> _EXERCISE_
The records that follow are to be reproduced verbatim.

**** INFORMATION PROVIDED ****

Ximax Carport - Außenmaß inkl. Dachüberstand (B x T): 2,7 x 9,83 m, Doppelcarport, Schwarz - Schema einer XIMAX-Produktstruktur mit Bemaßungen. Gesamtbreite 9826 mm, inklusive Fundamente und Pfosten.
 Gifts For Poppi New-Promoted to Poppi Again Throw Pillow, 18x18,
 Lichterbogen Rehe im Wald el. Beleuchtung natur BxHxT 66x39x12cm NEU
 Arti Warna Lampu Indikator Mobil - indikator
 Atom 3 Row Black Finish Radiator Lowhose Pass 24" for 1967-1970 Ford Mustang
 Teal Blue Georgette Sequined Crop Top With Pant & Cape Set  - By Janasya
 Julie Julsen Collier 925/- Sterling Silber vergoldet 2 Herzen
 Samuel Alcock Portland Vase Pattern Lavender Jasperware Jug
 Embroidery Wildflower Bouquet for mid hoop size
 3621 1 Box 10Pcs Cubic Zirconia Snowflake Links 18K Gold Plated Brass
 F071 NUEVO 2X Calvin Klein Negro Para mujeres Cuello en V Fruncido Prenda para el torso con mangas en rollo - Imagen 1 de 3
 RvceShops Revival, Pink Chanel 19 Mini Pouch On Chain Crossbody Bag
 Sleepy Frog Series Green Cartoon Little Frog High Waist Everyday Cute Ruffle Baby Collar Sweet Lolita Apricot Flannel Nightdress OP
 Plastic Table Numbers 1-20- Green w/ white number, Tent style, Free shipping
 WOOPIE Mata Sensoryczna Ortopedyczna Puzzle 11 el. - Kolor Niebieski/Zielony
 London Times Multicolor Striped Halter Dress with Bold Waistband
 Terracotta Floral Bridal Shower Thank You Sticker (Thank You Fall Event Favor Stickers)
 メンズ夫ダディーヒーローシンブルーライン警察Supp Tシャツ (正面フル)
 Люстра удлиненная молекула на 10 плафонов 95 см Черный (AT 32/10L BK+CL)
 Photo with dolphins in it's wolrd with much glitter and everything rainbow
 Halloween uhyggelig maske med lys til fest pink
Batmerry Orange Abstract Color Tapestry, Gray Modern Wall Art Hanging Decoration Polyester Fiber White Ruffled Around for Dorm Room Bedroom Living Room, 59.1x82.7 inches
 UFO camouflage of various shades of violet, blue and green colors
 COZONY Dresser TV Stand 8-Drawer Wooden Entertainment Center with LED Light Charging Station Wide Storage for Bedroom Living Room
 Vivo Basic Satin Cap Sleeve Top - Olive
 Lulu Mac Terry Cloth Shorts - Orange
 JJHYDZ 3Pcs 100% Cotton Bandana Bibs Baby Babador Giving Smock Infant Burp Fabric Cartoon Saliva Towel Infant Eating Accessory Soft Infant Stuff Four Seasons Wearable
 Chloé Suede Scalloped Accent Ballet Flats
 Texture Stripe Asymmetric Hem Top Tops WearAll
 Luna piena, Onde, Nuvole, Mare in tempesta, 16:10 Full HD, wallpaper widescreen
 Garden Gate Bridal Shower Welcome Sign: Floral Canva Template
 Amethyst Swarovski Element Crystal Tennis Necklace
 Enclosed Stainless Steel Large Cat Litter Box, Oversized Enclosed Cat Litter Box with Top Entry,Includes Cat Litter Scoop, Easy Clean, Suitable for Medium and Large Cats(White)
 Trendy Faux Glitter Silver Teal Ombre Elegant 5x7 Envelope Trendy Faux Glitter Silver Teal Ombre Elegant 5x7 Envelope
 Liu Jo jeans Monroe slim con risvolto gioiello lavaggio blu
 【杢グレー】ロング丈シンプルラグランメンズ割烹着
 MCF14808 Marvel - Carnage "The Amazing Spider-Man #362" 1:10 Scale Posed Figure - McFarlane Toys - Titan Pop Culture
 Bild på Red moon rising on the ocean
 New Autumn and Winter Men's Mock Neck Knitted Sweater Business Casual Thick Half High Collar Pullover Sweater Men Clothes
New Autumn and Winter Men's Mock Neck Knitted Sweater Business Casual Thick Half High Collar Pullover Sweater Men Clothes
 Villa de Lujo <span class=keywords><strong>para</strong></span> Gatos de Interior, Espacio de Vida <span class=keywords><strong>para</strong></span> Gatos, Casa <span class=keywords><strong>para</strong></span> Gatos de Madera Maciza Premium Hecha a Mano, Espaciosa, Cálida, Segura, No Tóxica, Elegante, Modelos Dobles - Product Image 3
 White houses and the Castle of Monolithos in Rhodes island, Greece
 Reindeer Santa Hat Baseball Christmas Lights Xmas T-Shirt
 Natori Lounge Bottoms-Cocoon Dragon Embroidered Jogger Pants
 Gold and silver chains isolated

****

> _OUTPUT FOR THIS EXERCISE_
Ximax Carport - Außenmaß inkl. Dachüberstand (B x T): 2,7 x 9,83 m, Doppelcarport, Schwarz - Schema einer XIMAX-Produktstruktur mit Bemaßungen. Gesamtbreite 9826 mm, inklusive Fundamente und Pfosten.
 Gifts For Poppi New-Promoted to Poppi Again Throw Pillow, 18x18,
 Lichterbogen Rehe im Wald el. Beleuchtung natur BxHxT 66x39x12cm NEU
 Arti Warna Lampu Indikator Mobil - indikator
 Atom 3 Row Black Finish Radiator Lowhose Pass 24" for 1967-1970 Ford Mustang
 Teal Blue Georgette Sequined Crop Top With Pant & Cape Set  - By Janasya
 Julie Julsen Collier 925/- Sterling Silber vergoldet 2 Herzen
 Samuel Alcock Portland Vase Pattern Lavender Jasperware Jug
 Embroidery Wildflower Bouquet for mid hoop size
 3621 1 Box 10Pcs Cubic Zirconia Snowflake Links 18K Gold Plated Brass
 F071 NUEVO 2X Calvin Klein Negro Para mujeres Cuello en V Fruncido Prenda para el torso con mangas en rollo - Imagen 1 de 3
 RvceShops Revival, Pink Chanel 19 Mini Pouch On Chain Crossbody Bag
 Sleepy Frog Series Green Cartoon Little Frog High Waist Everyday Cute Ruffle Baby Collar Sweet Lolita Apricot Flannel Nightdress OP
 Plastic Table Numbers 1-20- Green w/ white number, Tent style, Free shipping
 WOOPIE Mata Sensoryczna Ortopedyczna Puzzle 11 el. - Kolor Niebieski/Zielony
 London Times Multicolor Striped Halter Dress with Bold Waistband
 Terracotta Floral Bridal Shower Thank You Sticker (Thank You Fall Event Favor Stickers)
 メンズ夫ダディーヒーローシンブルーライン警察Supp Tシャツ (正面フル)
 Люстра удлиненная молекула на 10 плафонов 95 см Черный (AT 32/10L BK+CL)
 Photo with dolphins in it's wolrd with much glitter and everything rainbow
 Halloween uhyggelig maske med lys til fest pink
Batmerry Orange Abstract Color Tapestry, Gray Modern Wall Art Hanging Decoration Polyester Fiber White Ruffled Around for Dorm Room Bedroom Living Room, 59.1x82.7 inches
 UFO camouflage of various shades of violet, blue and green colors
 COZONY Dresser TV Stand 8-Drawer Wooden Entertainment Center with LED Light Charging Station Wide Storage for Bedroom Living Room
 Vivo Basic Satin Cap Sleeve Top - Olive
 Lulu Mac Terry Cloth Shorts - Orange
 JJHYDZ 3Pcs 100% Cotton Bandana Bibs Baby Babador Giving Smock Infant Burp Fabric Cartoon Saliva Towel Infant Eating Accessory Soft Infant Stuff Four Seasons Wearable
 Chloé Suede Scalloped Accent Ballet Flats
 Texture Stripe Asymmetric Hem Top Tops WearAll
 Luna piena, Onde, Nuvole, Mare in tempesta, 16:10 Full HD, wallpaper widescreen
 Garden Gate Bridal Shower Welcome Sign: Floral Canva Template
 Amethyst Swarovski Element Crystal Tennis Necklace
 Enclosed Stainless Steel Large Cat Litter Box, Oversized Enclosed Cat Litter Box with Top Entry,Includes Cat Litter Scoop, Easy Clean, Suitable for Medium and Large Cats(White)
 Trendy Faux Glitter Silver Teal Ombre Elegant 5x7 Envelope Trendy Faux Glitter Silver Teal Ombre Elegant 5x7 Envelope
 Liu Jo jeans Monroe slim con risvolto gioiello lavaggio blu
 【杢グレー】ロング丈シンプルラグランメンズ割烹着
 MCF14808 Marvel - Carnage "The Amazing Spider-Man #362" 1:10 Scale Posed Figure - McFarlane Toys - Titan Pop Culture
 Bild på Red moon rising on the ocean
 New Autumn and Winter Men's Mock Neck Knitted Sweater Business Casual Thick Half High Collar Pullover Sweater Men Clothes
New Autumn and Winter Men's Mock Neck Knitted Sweater Business Casual Thick Half High Collar Pullover Sweater Men Clothes
 Villa de Lujo <span class=keywords><strong>para</strong></span> Gatos de Interior, Espacio de Vida <span class=keywords><strong>para</strong></span> Gatos, Casa <span class=keywords><strong>para</strong></span> Gatos de Madera Maciza Premium Hecha a Mano, Espaciosa, Cálida, Segura, No Tóxica, Elegante, Modelos Dobles - Product Image 3
 White houses and the Castle of Monolithos in Rhodes island, Greece
 Reindeer Santa Hat Baseball Christmas Lights Xmas T-Shirt
 Natori Lounge Bottoms-Cocoon Dragon Embroidered Jogger Pants
 Gold and silver chains isolated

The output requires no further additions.